No. An out-of-possession landlord does not qualify as a 'harborer' under R.C. 955.28(B) unless the landlord retains possession and control over the area where the dog lives. A 'harborer' is defined as a person who has both possession and control of the premises where a dog lives. While a landlord may permit a dog's presence, a lease typically transfers possession and control to the tenant. Even in cases involving common areas like a shared yard, liability only attaches if the plaintiff can show the landlord retained possession and control over that specific area. In this case, the evidence showed the tenants shared control of the yard, and there was no evidence that Seeley, the landlord, retained any possession or control over it, making summary judgment appropriate.
Concurring - Kilbane, P.J.
No.

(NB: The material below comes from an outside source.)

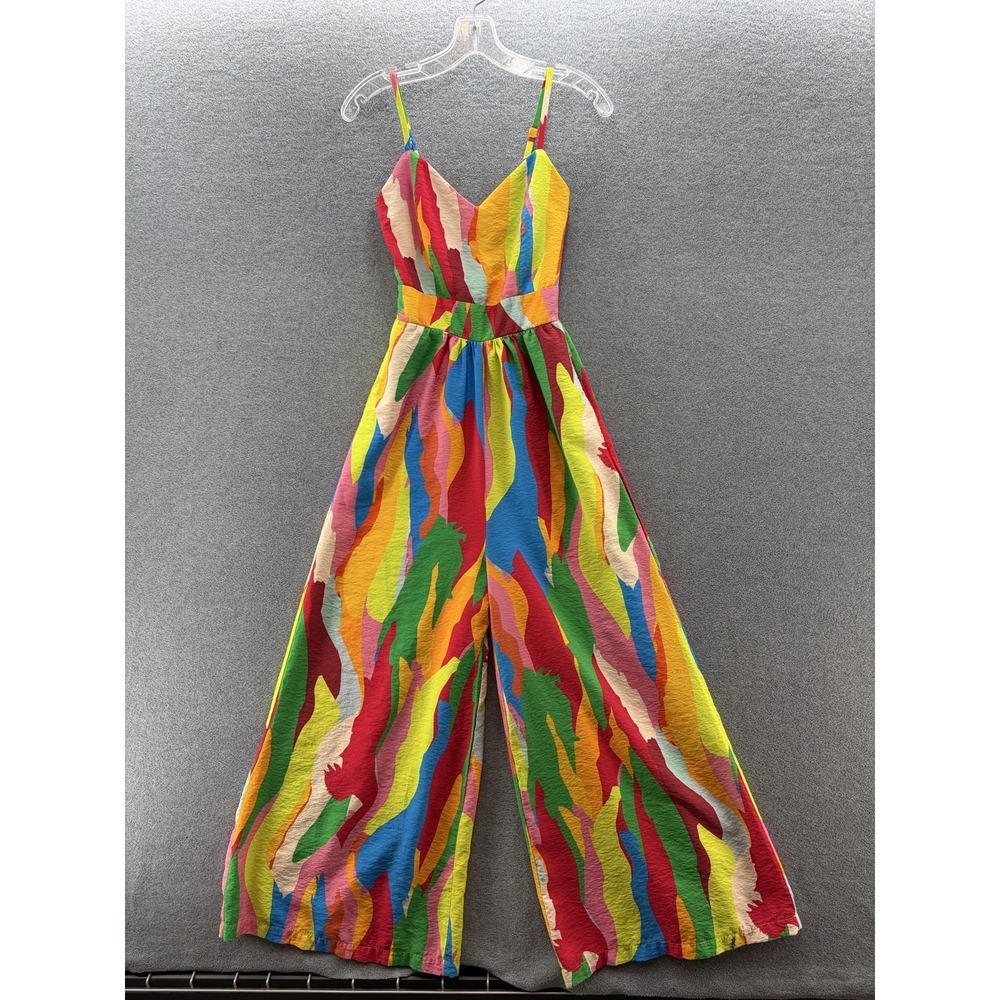 Flying Tomato Jumpsuit Women Small Colorful Clown Striped Wide Leg Pockets Boho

The judgment should be affirmed, but on the grounds of proximate cause rather than harborship. The dog's actions did not proximately cause the injury as contemplated by R.C. 955.28. The dog was properly restrained by a leash and never left the property or made contact with Williams. Imposing strict liability merely because a properly restrained dog startles someone would denigrate the purpose of the statute, which is not intended to cover such incidents.
Analysis:
This decision reinforces the high bar for holding out-of-possession landlords liable under Ohio's strict liability dog statute. It clarifies that merely giving permission for a tenant to have a dog is insufficient; the plaintiff must affirmatively prove the landlord maintained actual possession and control over the specific area where the dog was kept. The ruling provides a clear defense for landlords in multi-unit properties with shared spaces, shifting the legal focus from mere property ownership to the practical realities of day-to-day control over the premises.